Influence of the weakly interacting light U boson on the properties of massive PNS

TL;DR

This study investigates how weakly interacting light U bosons influence the physical properties of massive protoneutron stars, revealing their role in stiffening the equation of state and increasing maximum mass and radius.

Contribution

It provides a detailed analysis of the impact of U bosons on PNS properties using relativistic mean field theory, highlighting their effects on maximum mass, radius, and other observables.

Findings

U bosons stiffen the equation of state.

Maximum PNS mass increases with U boson coupling.

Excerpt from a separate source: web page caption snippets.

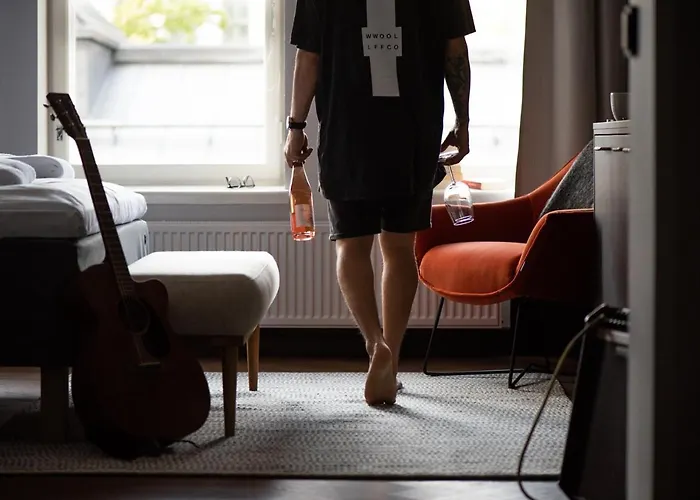 Apartmanhotel Bob W Katajanokka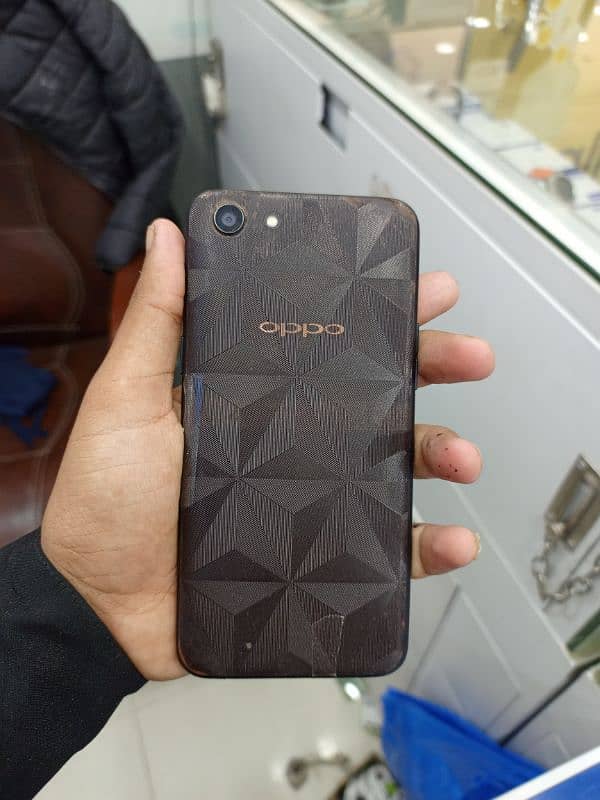 Oppo A83 ( Used condition) 0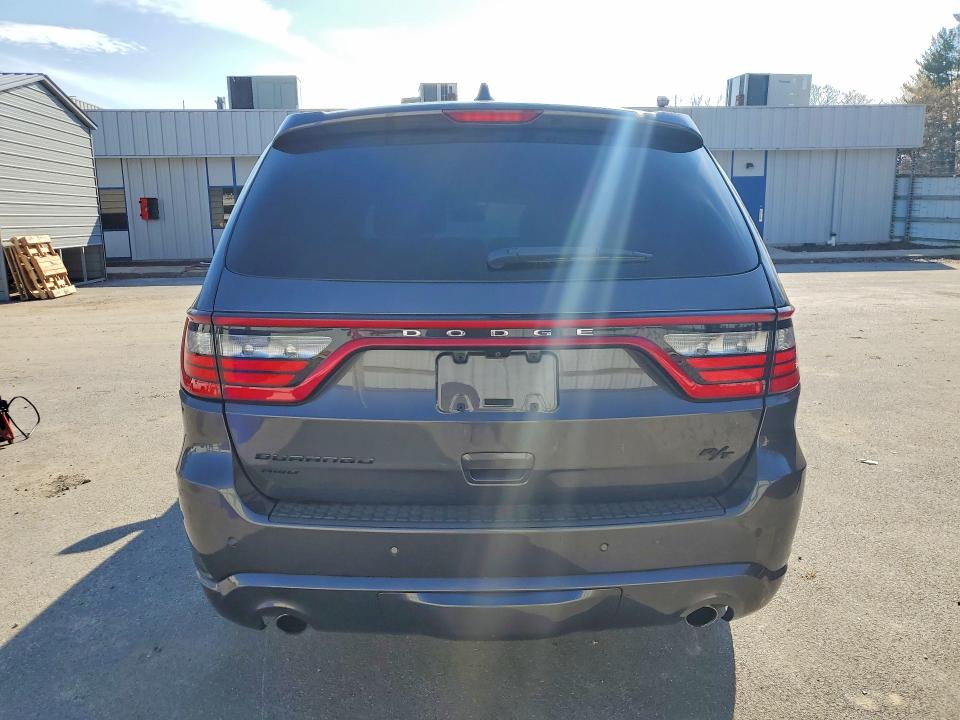 2016 Dodge Durango მანქანა იყიდება აუქციონზე, vin: 1C4SDJCTXGC422925, აუქციონის ნომერი: 41754966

U bosons affect radius, moment of inertia, and gravitational redshift.

Abstract

Considering the octet baryons in relativistic mean field theory and selecting entropy per baryon S=1, we calculate and discuss the influence of U boson on the equation of state, mass-radius, moment of inertia and gravitational redshift of massive protoneutron star (PNS). The effective coupling constant $g_{U}$ of U bosons and nucleons is selected from 0GeV$^{-2}$ to 70GeV$^{-2}$. The results point that U bosons will stiffen the equation of state (EOS). The influence of U bosons on the pressure is more obvious at low density than high density, while, the influence of U bosons on the energy density is more obvious at high density than low density. The U bosons play a significant role in increasing the maximum mass and radius of PNS. When the value of $g_{U}$ changes from 0GeV$^{-2}$ to 70GeV$^{-2}$, the maximum mass of massive PNS increases from 2.11 $M_{\odot}$ to 2.58 $M_{\odot}$, and the radius of PNS corresponding PSR J0348+0432 increases from 13.71 km to 24.35 km. The U bosons will increase the moment of inertia and decrease the gravitational redshift of PNS. For PNS of the massive PSR J0348+0432, the radius and moment of inertia vary directly with $g_{U}$, the gravitational redshift vary inversely with $g_{U}$ approximately.